I tested this by disabling cloud processing in Settings and using Apple Intelligence for a week with on-device models only. The difference was substantial. Writing Tools caught fewer errors. Siri understood fewer queries. Image generation was slower and lower quality. The on-device experience is, being generous, about 60% as capable as the full experience.
This matters because Apple’s privacy argument is their primary differentiator. If the private experience is meaningfully worse than the non-private experience, users face a choice Apple pretends doesn’t exist. Every competitor ships cloud-first AI that’s more capable, and Apple’s response is “but ours is private” — while quietly routing your complex queries to the cloud anyway.
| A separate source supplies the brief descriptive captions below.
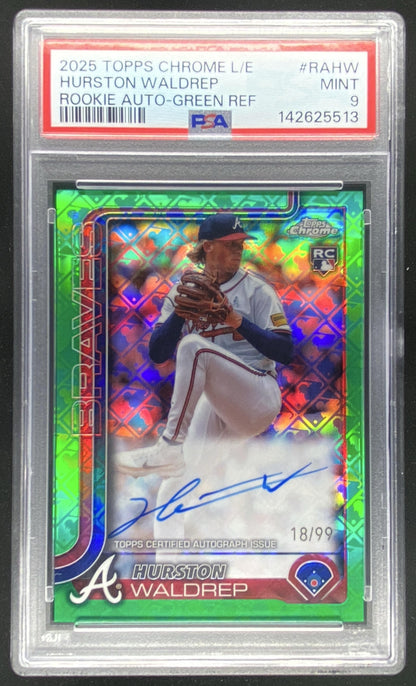 2025 Topps Chrome Sapphire Hurston Waldrep graded PSA 9 trading card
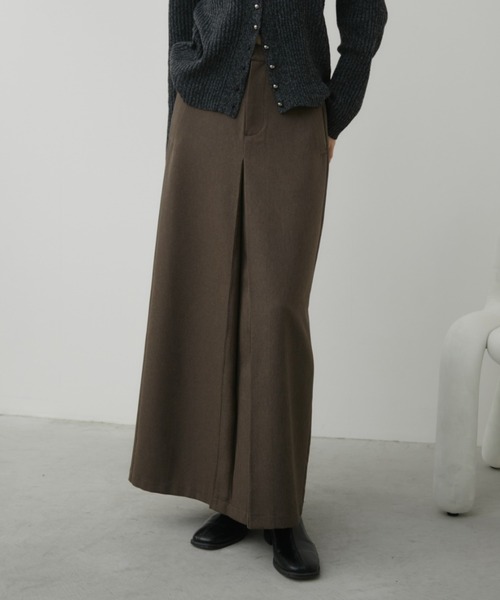 Aunt Marie's(アントマリーズ)の「フロントタックナロースカート(スカート・レディース・ライトグリーン/グレー/ブラック/ブラウン/チャコールグレー・FREE/MT)」の4枚目の写真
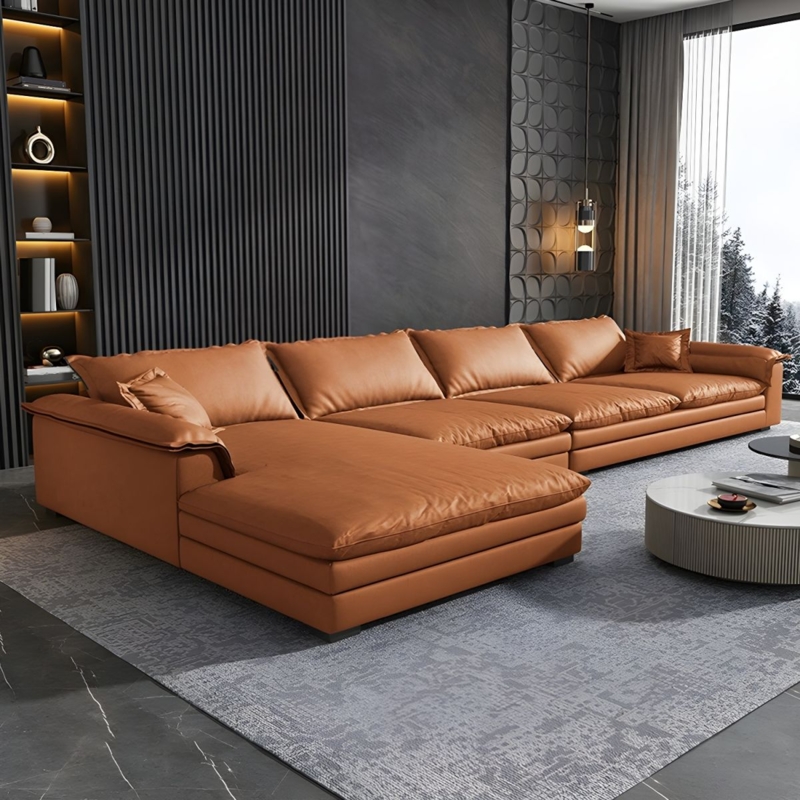 Modern Sectional Sofa Tan Faux Leather 4-Seater Low Profile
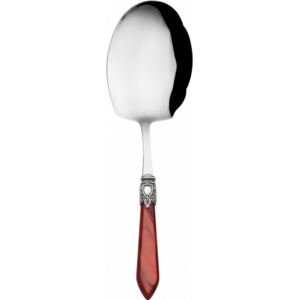 OXFORD OLD SILVER-PLATED RING RICE-KEBAB SPOON - Burgundy Red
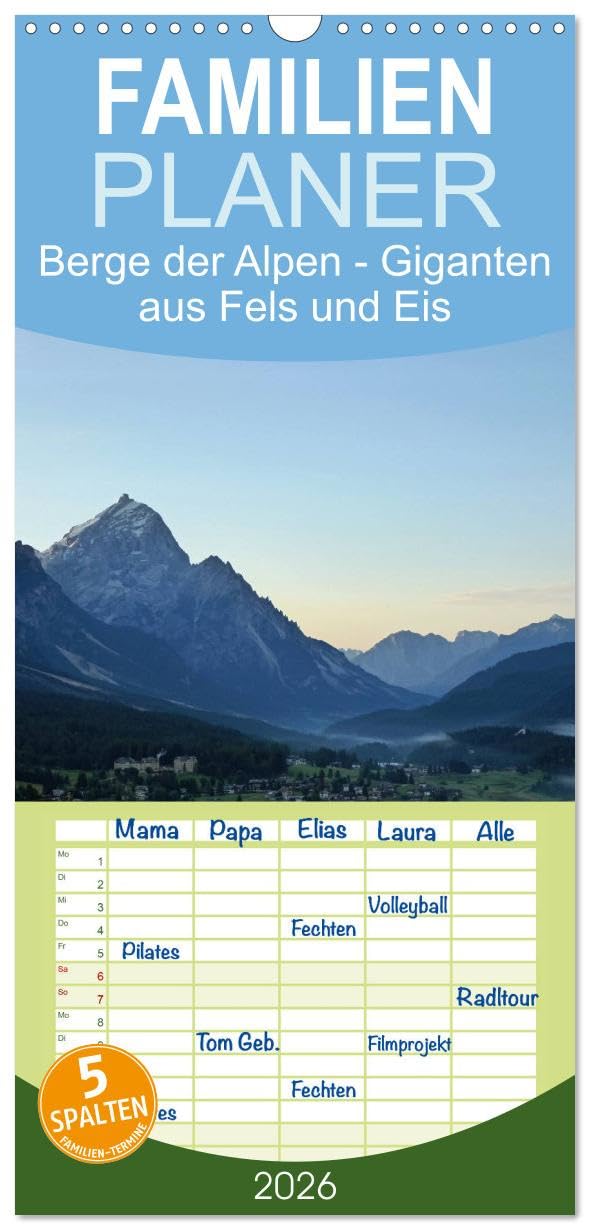 Familienplaner 2026 - Berge der Alpen - Giganten aus Fels und Eis mit 5 Spalten (Wandkalender, 21 cm x 45 cm), CALVENDO Film, Art & Culture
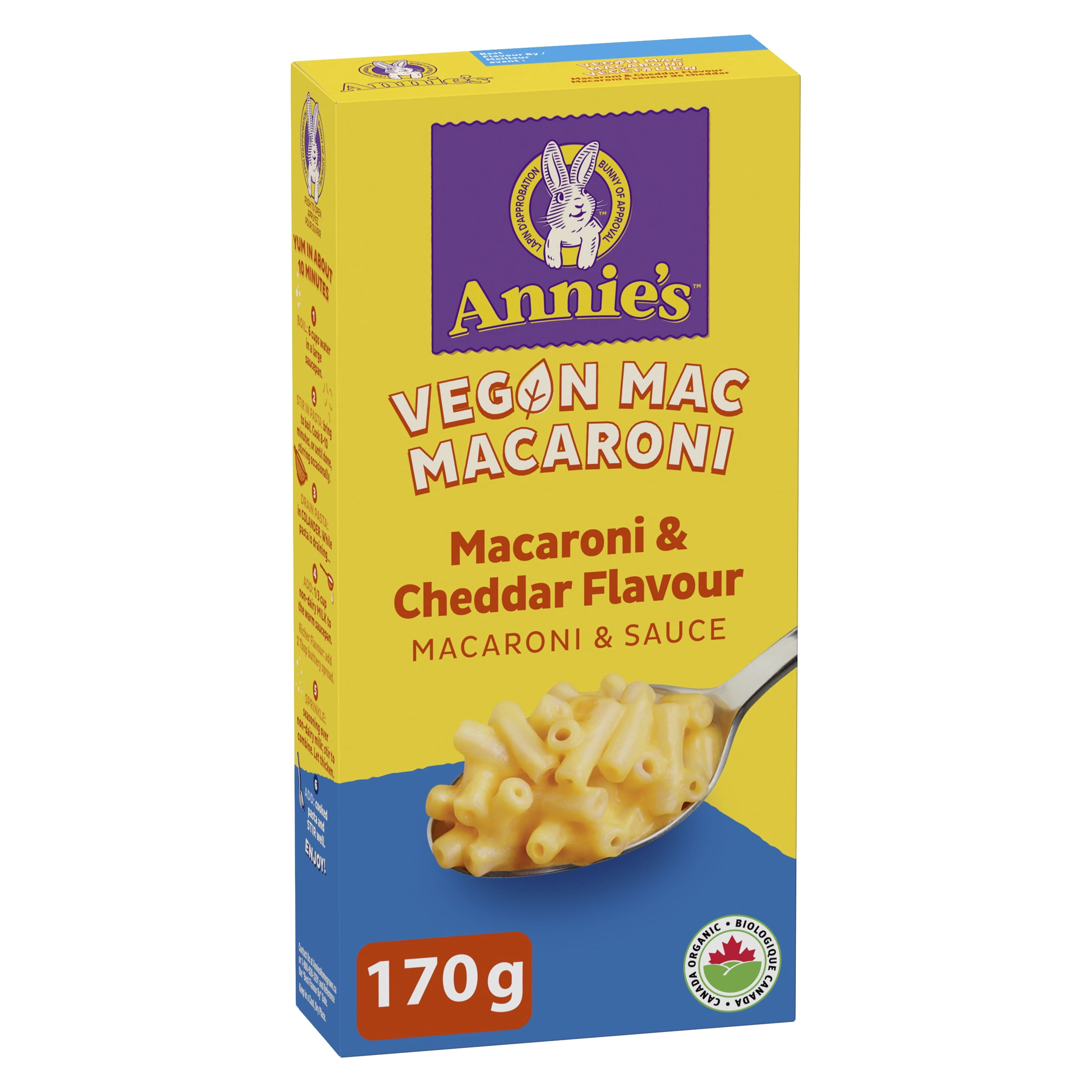 Annie's Vegan Macaroni & Cheddar Flavour, Canada Organic, 170 g, 2 Servings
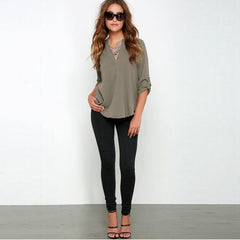 V Neck Chiffon Blouse Fold Long Sleeve Casual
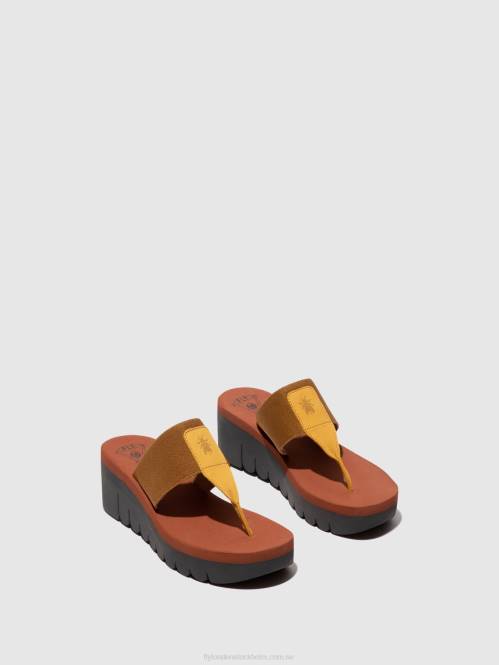 slip-on mulor yomu725 kvinnor Fly London 2T02359 humla/kamel (tegelsten)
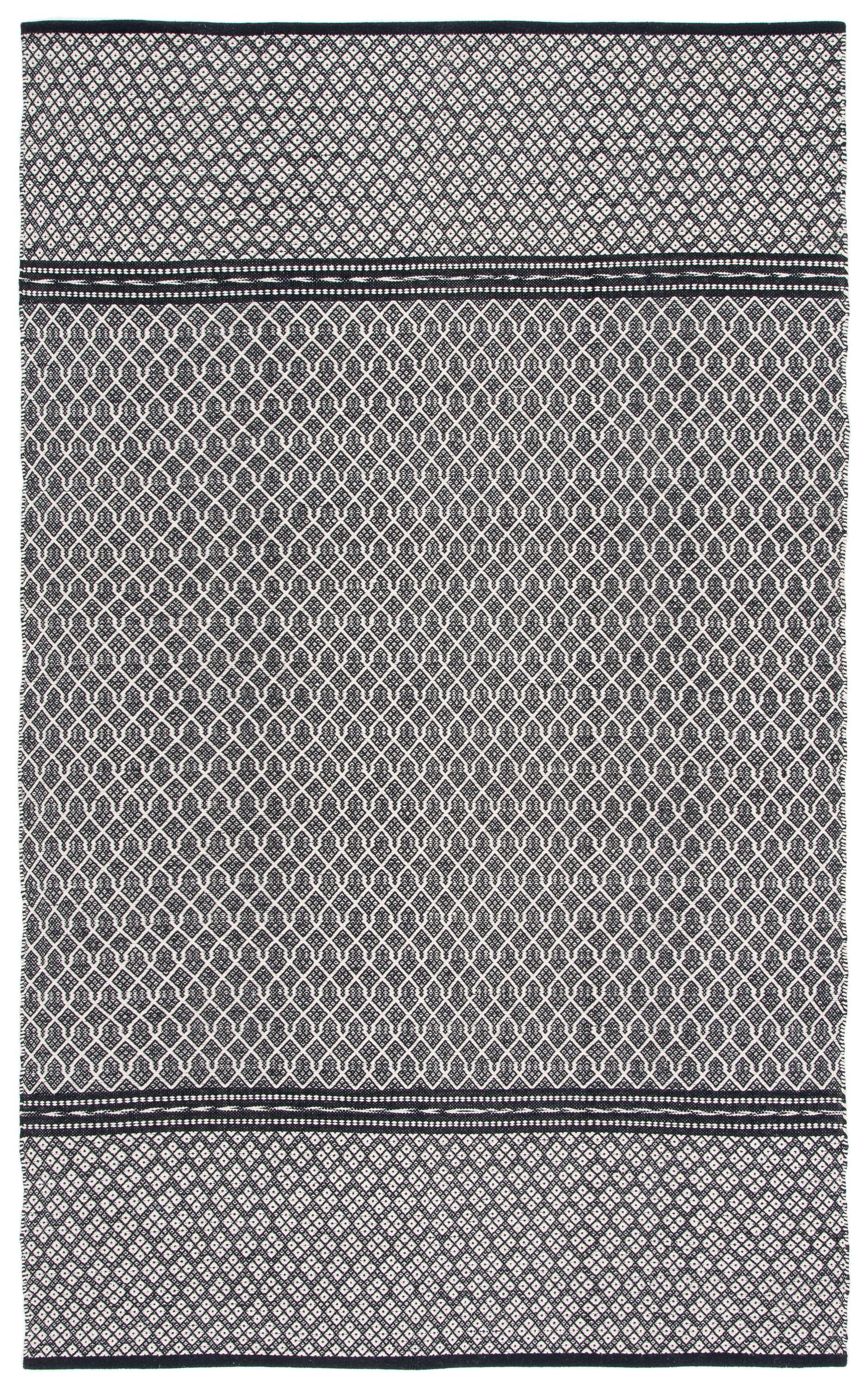 Kilim KLM703 Hand Woven Area Rug - Black/Ivory - 6'x9' - Safavieh.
The privacy architecture is still better than anything Google or Samsung offers. Google processes everything in their cloud and trains on your data unless you opt out. Samsung’s approach is similarly cloud-dependent. Apple is meaningfully more private.
But “more private than Google” is a low bar. And the gap between on-device and cloud capability raises legitimate questions about whether true on-device AI is a viable long-term strategy or a marketing position that will become increasingly difficult to maintain as models grow larger.
The Competitive Landscape
Let’s put Apple Intelligence in context. Here’s where each platform stands after a year of AI features:
graph TD
subgraph Apple
A1[Writing Tools ★★★★☆]
A2[Siri ★★☆☆☆]
A3[Image Generation ★★★☆☆]
A4[Privacy ★★★★★]
A5[Notification Summaries ★★★★☆]
end
subgraph Google
G1[Writing Assistance ★★★☆☆]
G2[Google Assistant ★★★★☆]
G3[Image Generation ★★★★★]
G4[Privacy ★★☆☆☆]
G5[Smart Notifications ★★★★☆]
end
subgraph Samsung
S1[Writing Tools ★★★☆☆]
S2[Bixby/Galaxy AI ★★★☆☆]
S3[Image Generation ★★★★☆]
S4[Privacy ★★★☆☆]
S5[Notification Management ★★★☆☆]
end
Google remains the capability leader. Gemini integration across Android is deeper and more capable than anything Apple offers. Google Assistant understands context better, generates better images, and handles complex multi-step tasks that Siri simply cannot. The trade-off is privacy — Google’s AI runs on their servers, processes your data, and feeds their advertising business.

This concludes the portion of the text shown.